Task requirements. I would like the lines below, from the one with "Raf Simons x" through the one with "Maxwell & Williams", copied exactly and without any pictures.

** Opening Material supplied block **

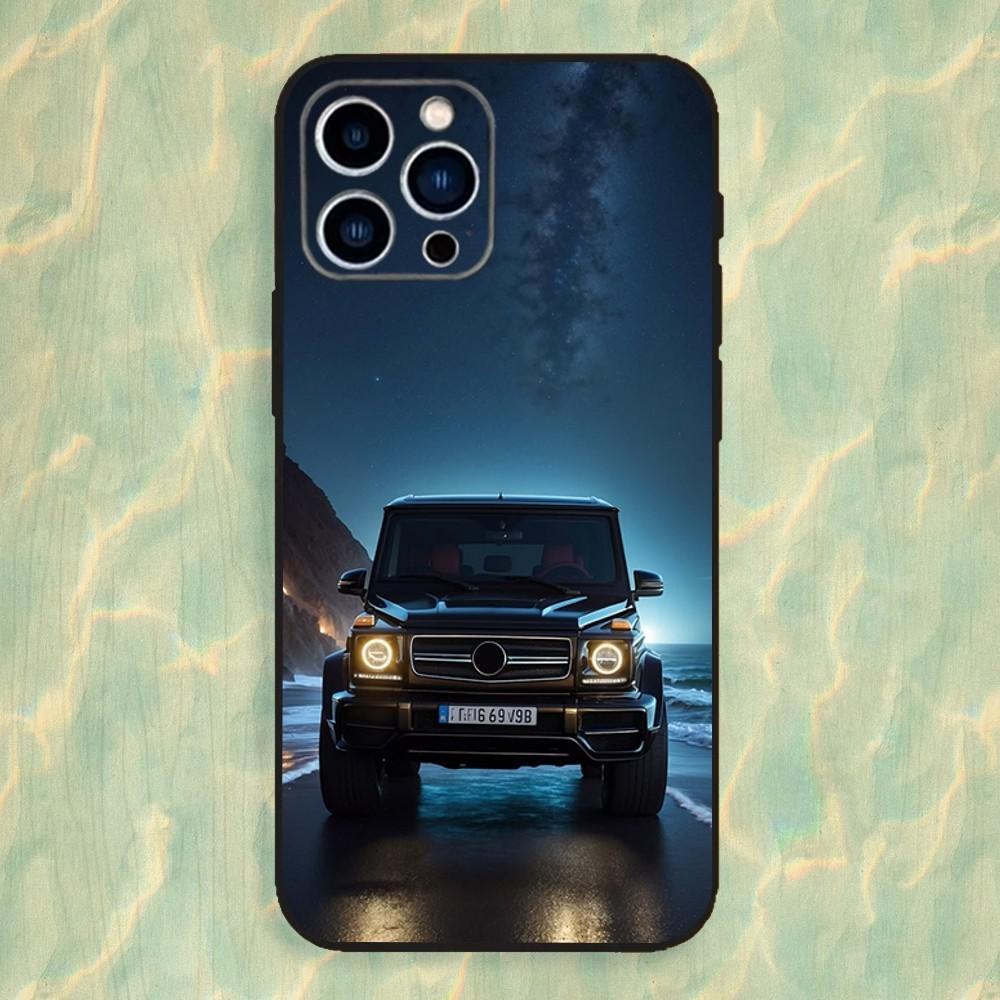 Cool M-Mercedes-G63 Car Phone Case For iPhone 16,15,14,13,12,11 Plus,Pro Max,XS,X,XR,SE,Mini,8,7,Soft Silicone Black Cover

** Closing Material supplied block **
** Opening Material supplied block **

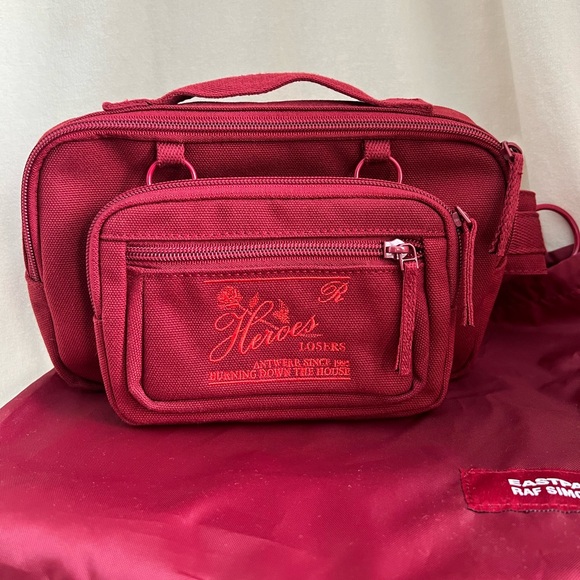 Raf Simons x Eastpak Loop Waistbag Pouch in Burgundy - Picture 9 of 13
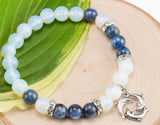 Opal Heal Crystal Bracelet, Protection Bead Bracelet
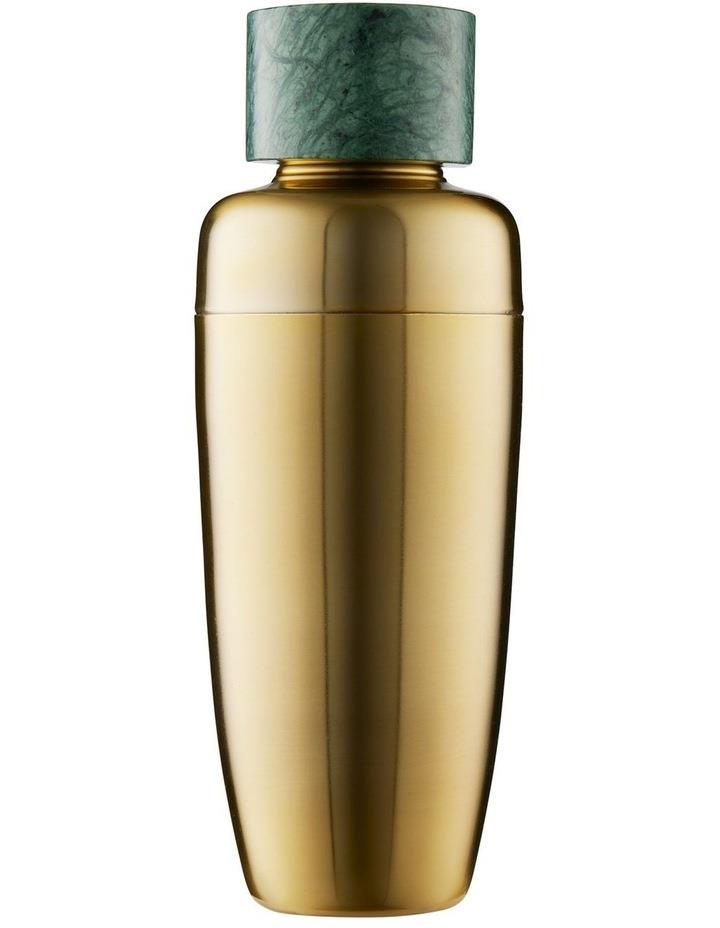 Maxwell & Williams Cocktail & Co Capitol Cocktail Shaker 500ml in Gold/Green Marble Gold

** Closing Material supplied block **

Written solution.
 Raf Simons x Eastpak Loop Waistbag Pouch in Burgundy - Picture 9 of 13
 Opal Heal Crystal Bracelet, Protection Bead Bracelet
 Maxwell & Williams Cocktail & Co Capitol Cocktail Shaker 500ml in Gold/Green Marble Gold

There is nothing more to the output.